Exercise objective
Exactly as written, restate the material below from its first line through the line containing "原·世界第一玩家的小号练成日记~废人玩家、异世界攻略中~ 第12话 第10页", and stop there.

Input for this task
════════════════

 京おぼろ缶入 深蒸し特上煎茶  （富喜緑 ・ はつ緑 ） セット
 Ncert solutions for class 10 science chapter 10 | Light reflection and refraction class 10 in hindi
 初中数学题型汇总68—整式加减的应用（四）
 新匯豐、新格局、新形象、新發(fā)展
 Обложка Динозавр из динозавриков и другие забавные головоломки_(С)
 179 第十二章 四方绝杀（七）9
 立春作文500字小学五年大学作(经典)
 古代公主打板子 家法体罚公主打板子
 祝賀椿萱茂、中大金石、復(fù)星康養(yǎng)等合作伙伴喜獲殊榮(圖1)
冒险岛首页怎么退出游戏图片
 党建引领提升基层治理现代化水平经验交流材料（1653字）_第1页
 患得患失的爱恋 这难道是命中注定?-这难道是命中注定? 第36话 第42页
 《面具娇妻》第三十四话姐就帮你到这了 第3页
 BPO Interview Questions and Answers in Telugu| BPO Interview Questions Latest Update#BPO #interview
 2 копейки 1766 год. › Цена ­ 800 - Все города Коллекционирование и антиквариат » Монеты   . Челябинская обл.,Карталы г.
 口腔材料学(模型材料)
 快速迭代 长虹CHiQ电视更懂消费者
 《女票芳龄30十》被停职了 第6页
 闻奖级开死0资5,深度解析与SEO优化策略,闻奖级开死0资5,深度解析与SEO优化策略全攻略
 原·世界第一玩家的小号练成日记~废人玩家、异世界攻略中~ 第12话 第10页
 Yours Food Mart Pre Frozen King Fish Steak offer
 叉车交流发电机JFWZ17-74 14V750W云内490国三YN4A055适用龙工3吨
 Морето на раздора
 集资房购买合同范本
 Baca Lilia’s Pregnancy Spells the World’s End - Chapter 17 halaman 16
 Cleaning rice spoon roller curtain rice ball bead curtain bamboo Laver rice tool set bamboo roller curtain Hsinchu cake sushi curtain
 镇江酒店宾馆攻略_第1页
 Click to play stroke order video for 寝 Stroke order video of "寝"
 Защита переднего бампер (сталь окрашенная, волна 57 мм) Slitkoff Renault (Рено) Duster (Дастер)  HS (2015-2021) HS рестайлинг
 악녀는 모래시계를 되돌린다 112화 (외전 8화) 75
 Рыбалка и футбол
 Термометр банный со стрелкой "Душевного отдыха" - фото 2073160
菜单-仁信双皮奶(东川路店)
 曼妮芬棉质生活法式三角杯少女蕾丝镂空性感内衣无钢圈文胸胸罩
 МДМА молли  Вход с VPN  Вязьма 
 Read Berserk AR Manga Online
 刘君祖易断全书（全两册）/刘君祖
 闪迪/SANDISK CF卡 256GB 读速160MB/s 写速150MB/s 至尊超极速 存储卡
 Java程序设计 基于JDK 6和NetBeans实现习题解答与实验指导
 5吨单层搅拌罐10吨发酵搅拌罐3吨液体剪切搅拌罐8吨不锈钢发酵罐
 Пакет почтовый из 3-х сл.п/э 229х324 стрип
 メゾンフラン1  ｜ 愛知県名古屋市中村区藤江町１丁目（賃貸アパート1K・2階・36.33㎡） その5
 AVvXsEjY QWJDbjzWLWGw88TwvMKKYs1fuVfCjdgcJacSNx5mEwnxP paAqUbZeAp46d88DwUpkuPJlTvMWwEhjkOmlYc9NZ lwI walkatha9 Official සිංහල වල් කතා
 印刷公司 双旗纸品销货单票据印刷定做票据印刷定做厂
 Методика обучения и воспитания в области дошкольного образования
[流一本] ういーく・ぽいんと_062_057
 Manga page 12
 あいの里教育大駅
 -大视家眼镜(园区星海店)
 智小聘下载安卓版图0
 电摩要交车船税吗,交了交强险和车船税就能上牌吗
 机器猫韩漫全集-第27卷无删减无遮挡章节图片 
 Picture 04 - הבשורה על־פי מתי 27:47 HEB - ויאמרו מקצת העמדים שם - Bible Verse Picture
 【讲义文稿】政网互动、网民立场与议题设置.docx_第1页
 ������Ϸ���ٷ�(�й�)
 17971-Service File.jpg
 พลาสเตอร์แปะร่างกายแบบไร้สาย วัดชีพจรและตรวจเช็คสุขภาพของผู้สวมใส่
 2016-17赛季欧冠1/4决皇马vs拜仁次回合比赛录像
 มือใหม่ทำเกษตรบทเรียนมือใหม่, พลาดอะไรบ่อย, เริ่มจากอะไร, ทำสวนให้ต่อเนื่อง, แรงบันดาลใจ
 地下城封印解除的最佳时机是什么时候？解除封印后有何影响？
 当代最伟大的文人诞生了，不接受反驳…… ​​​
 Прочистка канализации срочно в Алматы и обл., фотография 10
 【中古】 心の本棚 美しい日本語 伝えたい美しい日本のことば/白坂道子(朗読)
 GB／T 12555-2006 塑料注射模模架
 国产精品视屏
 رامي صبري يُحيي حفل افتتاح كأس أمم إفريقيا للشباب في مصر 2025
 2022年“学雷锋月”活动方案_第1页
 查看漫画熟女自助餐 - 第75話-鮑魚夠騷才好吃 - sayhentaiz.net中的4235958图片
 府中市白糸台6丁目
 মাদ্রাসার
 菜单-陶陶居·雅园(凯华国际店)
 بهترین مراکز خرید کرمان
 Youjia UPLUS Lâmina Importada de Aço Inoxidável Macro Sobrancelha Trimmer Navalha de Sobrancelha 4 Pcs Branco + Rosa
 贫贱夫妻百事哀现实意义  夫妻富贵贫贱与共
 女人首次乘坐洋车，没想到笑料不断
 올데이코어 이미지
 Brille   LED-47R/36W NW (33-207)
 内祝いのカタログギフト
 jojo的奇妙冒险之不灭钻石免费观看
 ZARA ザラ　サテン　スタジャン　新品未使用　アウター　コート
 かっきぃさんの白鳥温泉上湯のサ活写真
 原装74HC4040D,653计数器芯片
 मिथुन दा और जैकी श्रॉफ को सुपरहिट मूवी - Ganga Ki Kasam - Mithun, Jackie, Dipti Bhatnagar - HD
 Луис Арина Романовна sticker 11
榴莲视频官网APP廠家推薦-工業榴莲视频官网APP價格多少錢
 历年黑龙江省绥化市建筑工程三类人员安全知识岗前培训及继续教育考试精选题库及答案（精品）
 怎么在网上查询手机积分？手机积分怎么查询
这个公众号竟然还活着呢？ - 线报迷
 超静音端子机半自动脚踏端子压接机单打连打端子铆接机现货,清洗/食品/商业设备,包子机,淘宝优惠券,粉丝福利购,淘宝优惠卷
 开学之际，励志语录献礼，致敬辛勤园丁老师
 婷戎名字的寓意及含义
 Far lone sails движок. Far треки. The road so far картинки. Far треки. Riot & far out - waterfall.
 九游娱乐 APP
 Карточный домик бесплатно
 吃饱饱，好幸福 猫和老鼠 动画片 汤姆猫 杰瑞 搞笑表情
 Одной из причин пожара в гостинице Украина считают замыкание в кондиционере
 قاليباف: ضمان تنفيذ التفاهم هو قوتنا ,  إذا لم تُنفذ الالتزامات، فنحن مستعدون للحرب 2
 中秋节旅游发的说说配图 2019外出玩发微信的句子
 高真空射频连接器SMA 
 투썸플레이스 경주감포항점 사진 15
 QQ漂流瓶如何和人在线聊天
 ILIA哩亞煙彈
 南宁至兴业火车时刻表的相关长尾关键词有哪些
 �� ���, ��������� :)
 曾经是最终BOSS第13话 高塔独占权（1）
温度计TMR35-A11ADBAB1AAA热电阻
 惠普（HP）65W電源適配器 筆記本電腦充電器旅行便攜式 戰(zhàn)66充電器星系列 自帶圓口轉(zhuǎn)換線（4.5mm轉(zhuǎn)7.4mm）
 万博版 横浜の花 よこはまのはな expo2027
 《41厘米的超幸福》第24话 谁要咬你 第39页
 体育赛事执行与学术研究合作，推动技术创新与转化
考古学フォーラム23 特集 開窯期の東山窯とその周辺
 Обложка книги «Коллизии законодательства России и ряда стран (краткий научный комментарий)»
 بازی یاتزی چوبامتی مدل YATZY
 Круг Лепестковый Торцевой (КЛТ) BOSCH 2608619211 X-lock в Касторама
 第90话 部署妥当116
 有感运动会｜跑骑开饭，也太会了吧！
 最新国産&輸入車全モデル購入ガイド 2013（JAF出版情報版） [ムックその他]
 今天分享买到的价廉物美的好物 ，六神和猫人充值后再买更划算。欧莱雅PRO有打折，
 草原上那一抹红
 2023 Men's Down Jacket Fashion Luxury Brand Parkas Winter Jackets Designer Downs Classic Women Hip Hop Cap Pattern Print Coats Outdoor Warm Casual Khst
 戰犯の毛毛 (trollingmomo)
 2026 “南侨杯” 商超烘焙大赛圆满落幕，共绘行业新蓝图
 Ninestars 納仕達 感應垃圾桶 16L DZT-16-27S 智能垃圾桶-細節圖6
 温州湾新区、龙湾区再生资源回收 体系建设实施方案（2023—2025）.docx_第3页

════════════════

Task output
 京おぼろ缶入 深蒸し特上煎茶  （富喜緑 ・ はつ緑 ） セット
 Ncert solutions for class 10 science chapter 10 | Light reflection and refraction class 10 in hindi
 初中数学题型汇总68—整式加减的应用（四）
 新匯豐、新格局、新形象、新發(fā)展
 Обложка Динозавр из динозавриков и другие забавные головоломки_(С)
 179 第十二章 四方绝杀（七）9
 立春作文500字小学五年大学作(经典)
 古代公主打板子 家法体罚公主打板子
 祝賀椿萱茂、中大金石、復(fù)星康養(yǎng)等合作伙伴喜獲殊榮(圖1)
冒险岛首页怎么退出游戏图片
 党建引领提升基层治理现代化水平经验交流材料（1653字）_第1页
 患得患失的爱恋 这难道是命中注定?-这难道是命中注定? 第36话 第42页
 《面具娇妻》第三十四话姐就帮你到这了 第3页
 BPO Interview Questions and Answers in Telugu| BPO Interview Questions Latest Update#BPO #interview
 2 копейки 1766 год. › Цена ­ 800 - Все города Коллекционирование и антиквариат » Монеты   . Челябинская обл.,Карталы г.
 口腔材料学(模型材料)
 快速迭代 长虹CHiQ电视更懂消费者
 《女票芳龄30十》被停职了 第6页
 闻奖级开死0资5,深度解析与SEO优化策略,闻奖级开死0资5,深度解析与SEO优化策略全攻略
 原·世界第一玩家的小号练成日记~废人玩家、异世界攻略中~ 第12话 第10页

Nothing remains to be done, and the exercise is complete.